MATERIAL FOR THIS EXERCISE:
▽

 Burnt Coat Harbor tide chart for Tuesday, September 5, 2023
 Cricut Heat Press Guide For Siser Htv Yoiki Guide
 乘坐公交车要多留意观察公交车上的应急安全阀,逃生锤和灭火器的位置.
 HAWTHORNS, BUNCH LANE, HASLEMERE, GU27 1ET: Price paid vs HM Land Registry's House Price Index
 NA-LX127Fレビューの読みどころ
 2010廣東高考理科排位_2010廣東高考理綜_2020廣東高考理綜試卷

△
▽

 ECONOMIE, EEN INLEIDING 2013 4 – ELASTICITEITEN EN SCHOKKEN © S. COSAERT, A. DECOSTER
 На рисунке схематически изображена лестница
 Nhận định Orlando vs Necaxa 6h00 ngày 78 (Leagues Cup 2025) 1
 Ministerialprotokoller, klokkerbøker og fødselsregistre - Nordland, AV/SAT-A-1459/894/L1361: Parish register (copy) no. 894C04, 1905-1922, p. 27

△
▽

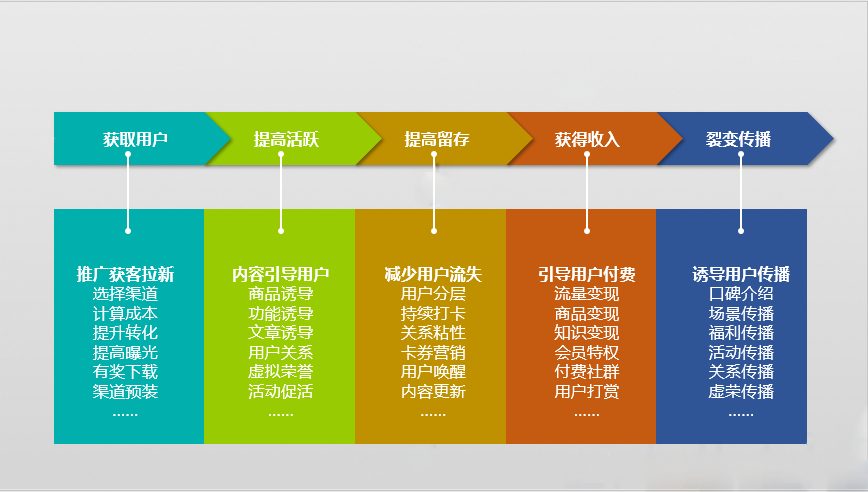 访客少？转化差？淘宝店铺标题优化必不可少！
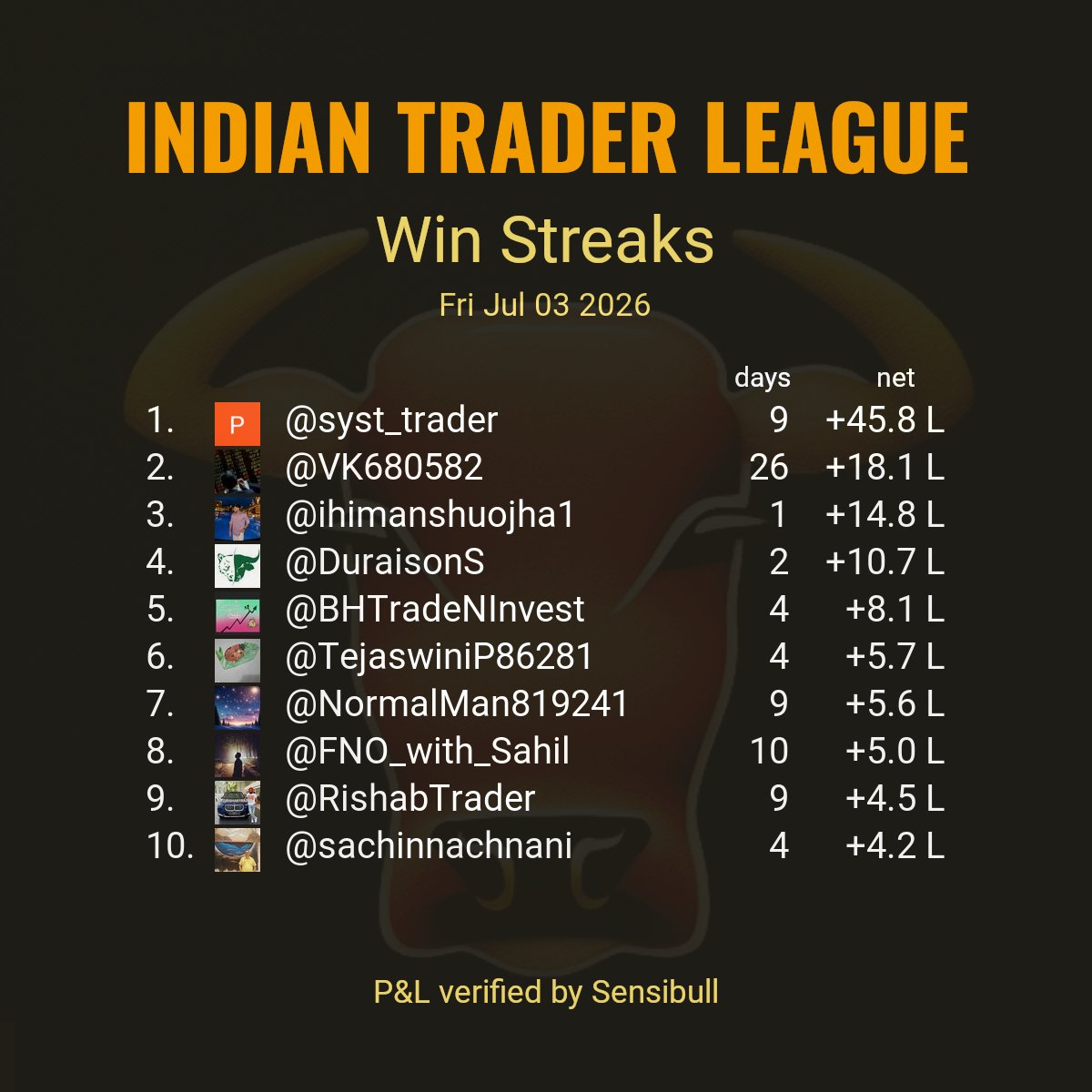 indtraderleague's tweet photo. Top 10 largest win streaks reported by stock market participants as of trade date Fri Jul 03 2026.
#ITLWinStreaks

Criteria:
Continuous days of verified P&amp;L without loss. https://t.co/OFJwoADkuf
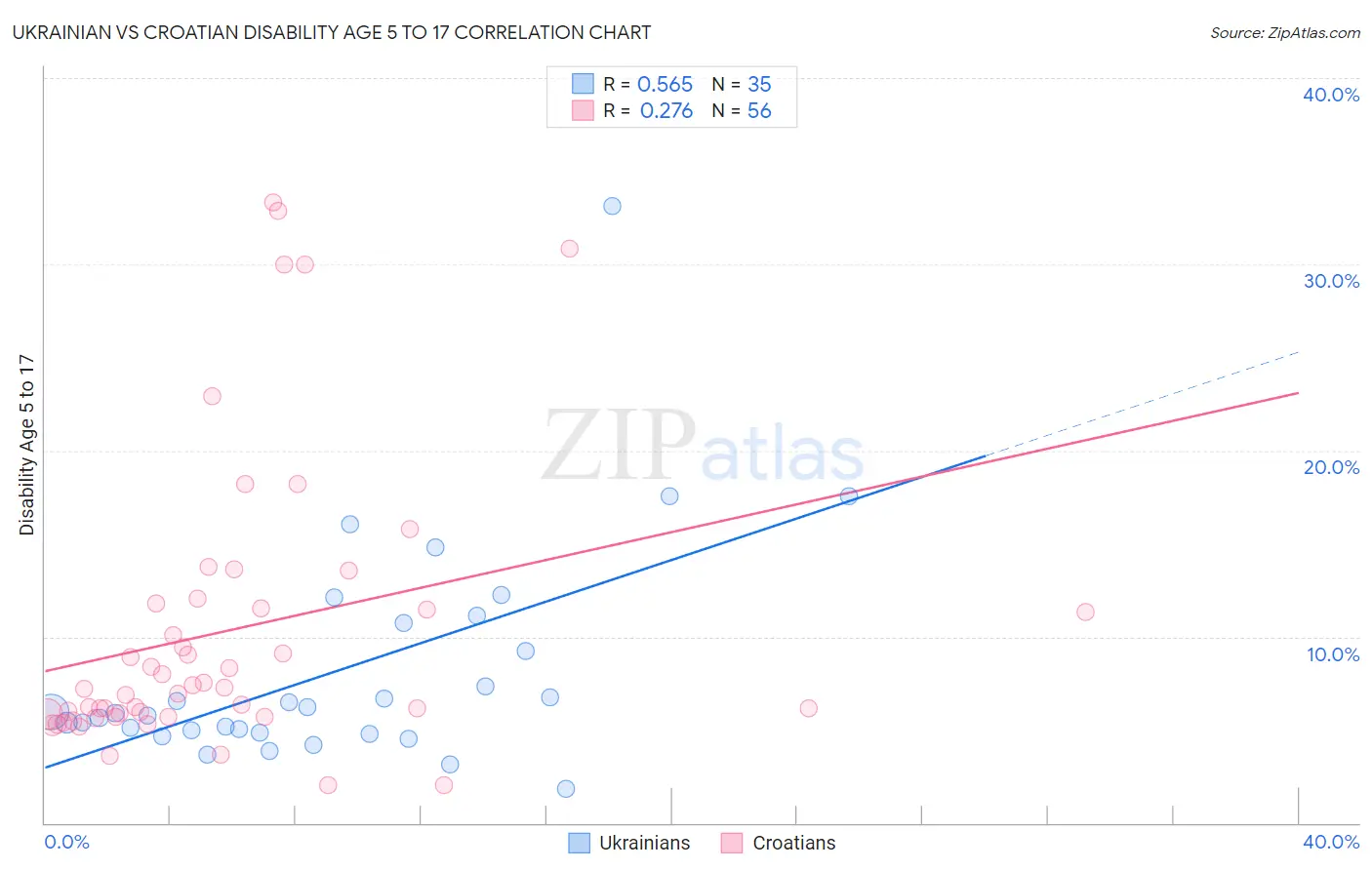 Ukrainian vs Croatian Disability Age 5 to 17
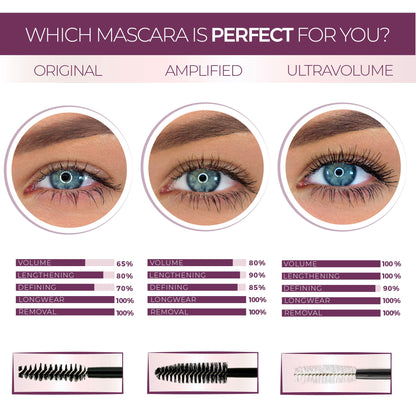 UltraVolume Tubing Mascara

△

INSTRUCTIONS TO FOLLOW:
In the listing above, find the line containing "Cricut Heat Press" and the line containing "2010廣東高考理科排位_2010廣東高考理綜_2020廣東高考理綜試卷". Output them and every line between, exactly, and nothing else.

RESULT OF THE EXERCISE:
 Cricut Heat Press Guide For Siser Htv Yoiki Guide
 乘坐公交车要多留意观察公交车上的应急安全阀,逃生锤和灭火器的位置.
 HAWTHORNS, BUNCH LANE, HASLEMERE, GU27 1ET: Price paid vs HM Land Registry's House Price Index
 NA-LX127Fレビューの読みどころ
 2010廣東高考理科排位_2010廣東高考理綜_2020廣東高考理綜試卷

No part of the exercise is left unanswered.